Procréer à un âge avancé comporte des risques et les méthodes analysées présentent toutes des limites. «La PMA ne peut pas traiter la qualité ovocytaire», explique le chercheur algérien, pour revenir à l'évidence : le temps joue contre la femme. Présidente de la Samére, Mme Oumeziane indique que plus de 500 participants se sont inscrits à ce congrès, qui s'adresse à ceux qui prennent en charge des couples infertiles : gynécologues obstétriciens, endocrinologues, etc. «L'assistance médicale à la procréation a débuté d'abord dans le secteur public dans les années 1990, mais elle a été malheureusement interrompue car ses initiateurs sont partis.
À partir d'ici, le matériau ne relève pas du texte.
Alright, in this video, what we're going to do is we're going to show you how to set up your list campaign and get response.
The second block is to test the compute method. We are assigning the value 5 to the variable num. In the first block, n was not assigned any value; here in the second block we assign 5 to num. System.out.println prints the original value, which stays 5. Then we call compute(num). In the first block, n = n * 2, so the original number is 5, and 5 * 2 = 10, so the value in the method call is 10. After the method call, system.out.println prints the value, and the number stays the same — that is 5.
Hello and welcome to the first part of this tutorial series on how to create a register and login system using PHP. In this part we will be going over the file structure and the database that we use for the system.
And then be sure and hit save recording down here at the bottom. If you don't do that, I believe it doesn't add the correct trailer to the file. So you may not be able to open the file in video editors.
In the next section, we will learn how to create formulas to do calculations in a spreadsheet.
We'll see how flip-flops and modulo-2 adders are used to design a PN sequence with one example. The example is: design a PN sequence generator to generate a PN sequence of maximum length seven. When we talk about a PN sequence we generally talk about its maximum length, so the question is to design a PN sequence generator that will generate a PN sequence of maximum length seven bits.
Elle a repris avec le secteur privé dans les années 2000 et on en est aujourd'hui à15 centres en Algérie, dont 3 à Oran.» Pour les organisateurs, il faudrait que les femmes et les médecins prennent conscience et consultent de plus en plus tôt afin de pouvoir offrir les bienfaits de l'assistance médicale car celle-ci n'est pas une baguette magique : si elle peut apporter des solutions, elle a néanmoins des limites.
Parmi les participants, M. Aboudaoud travaille dans un centre PMA qui reçoit des couples qui ont traîné 5 ou 10 ans avant de solliciter l'assistance médicale à la procréation. Que de temps perdu alors que l'orientation était évidente dès la première consultation ! D'où la nécessité d'élaborer une charte des recommandations minimum à laquelle devraient être astreints les médecins.